Appelez-moi Ishmaël. Il y a des années, me trouvant pauvre et sans but sur terre, j'ai décidé de prendre la mer et de voir le monde aquatique. C'est ma méthode pour guérir la mélancolie et réguler mon sang. Chaque fois que ma bouche devient sombre, ou que mon âme se sent comme un novembre humide et pluvieux, je sais qu'il est temps de partir. L'urgence devient irrésistible quand je m'arrête devant des cercueils, devant des entrepôts, que je suis des enterrements, ou que je ressens une impulsion maniaque de faire tomber les chapeaux dans la rue. Partir en mer est mon alternative au suicide. Tandis que Caton est mort par l'épée avec panache, moi je monte discrètement sur un navire. Cette impulsion n'est pas unique ; presque tous les hommes ressentent une attraction magnétique vers l'océan.

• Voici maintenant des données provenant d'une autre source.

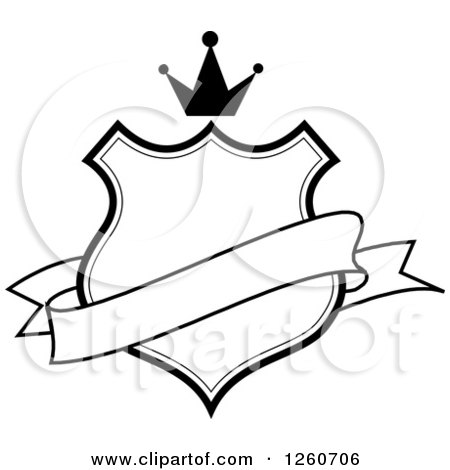 Clipart of a Black and White Crowned Shield with a Blank Banner - Royalty Free Vector Illustration by OnFocusMedia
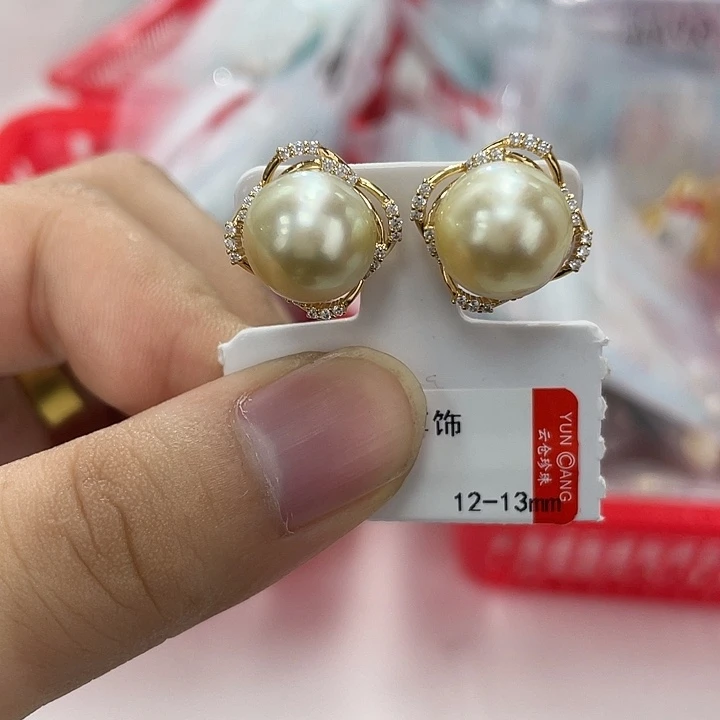 银S925镶嵌海水珍珠耳饰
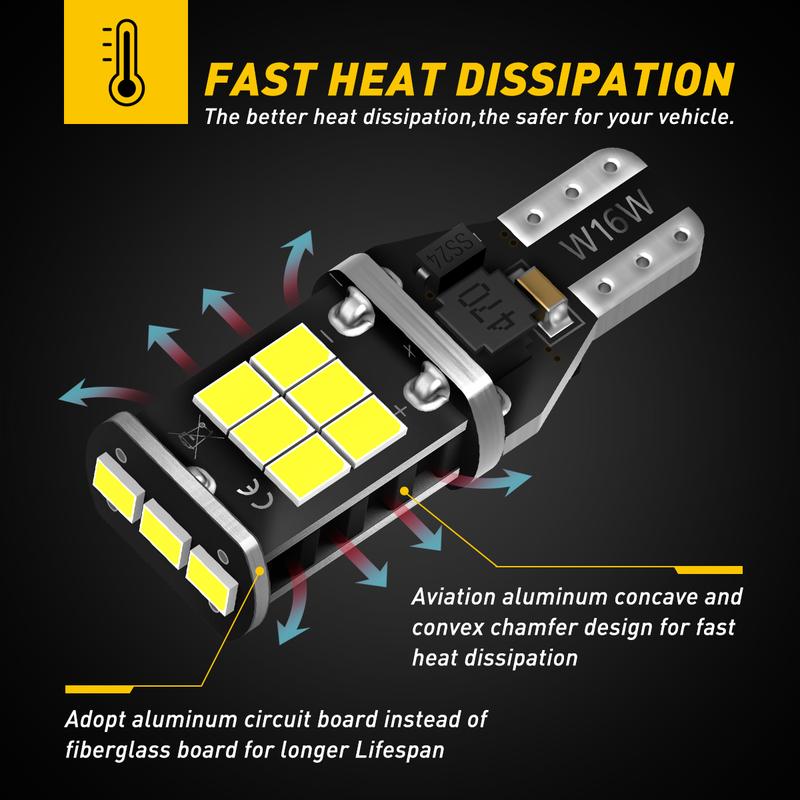 AUXITO 912 921 LED Bulb for Backup Light Reverse Lights High Power 2835 15-SMD Chipsets Error Free T15 906 922 W16W Bulbs, 6000K White Daytime Running Lights (Upgraded, Pack of 2)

À ce moment, Radney émergea de la cale. Le second avait survécu à sa blessure, bien que sa mâchoire fut bandée et sa parole un murmure. Il saisit la corde tombée et s’avança vers Steelkilt, déclarant qu’il ferait ce que le capitaine n’osait pas. Il traita le Lakeman de lâche et fit claquer le fouet sur son dos, ignorant un autre sifflement d’avertissement. Une fois la flagellation terminée, les trois hommes furent décrochés et l’équipage ordonné de reprendre le travail. Mais la rébellion avait seulement changé de forme. Steelkilt, nourrissant son humiliation, poussa silencieusement l’équipage à une obéissance apparente tout en préparant une vengeance secrète. Ils convinrent de servir jusqu’à ce que le navire atteigne le port, puis de déserter en masse. Ils jurèrent également un pacte : personne ne crierait si des baleines étaient aperçues.

La vengeance de Steelkilt se concentra uniquement sur Radney. Le second avait l’habitude de somnoler contre les plats-bords, son bras reposant sur le plat-bord d’un canot hissé. Le Lakeman calcula l’heure de sa prochaine veille à la barre et passa ses heures de repos à tresser de la ficelle autour d’une lourde boule de fer, une arme qu’il comptait utiliser pour écraser le crâne de son tourmenteur. Il demanda même la ficelle à Radney, une sombre plaisanterie que le second ne comprit jamais.

Mais le destin intervint avant que Steelkilt ne puisse agir. À l’aube du deuxième jour, un matelot aux chaînes cria qu’une baleine évoluait dans l’eau à proximité. Le vigie avait oublié le pacte — peut-être instinctivement, peut-être saisi par la vue — et s’écria le nom qui frappait de terreur les hommes de la baleine : Moby Dick. La baleine blanche se trouvait à cinquante mètres, ses flancs luisant comme de l’opale polie dans la lumière matinale. Le capitaine, les seconds, les harponneurs — tous oublièrent la prudence et mirent les canots à la mer pour donner chase. Radney, sa mâchoire encore bandée, commandait le canot du second, avec Steelkilt aux avirons.

Ils ramaient avec ardeur. Le harponneur frappa vite, et Radney bondit à la proue, lance en main, criant qu’on le hisse sur le dos de la baleine. Le canot s’éleva à travers une écume aveuglante, frappa le flanc de la baleine et se retourna. Radney tomba à la mer de l’autre côté. Il fendit les embruns en nagant, désespéré d’échapper. Mais Moby Dick vira dans un tourbillon soudain, ouvrit ses mâchoires et saisit l’homme qui nageait. La baleine se dressa haut, puis plongea, entraînant Radney dans les profondeurs.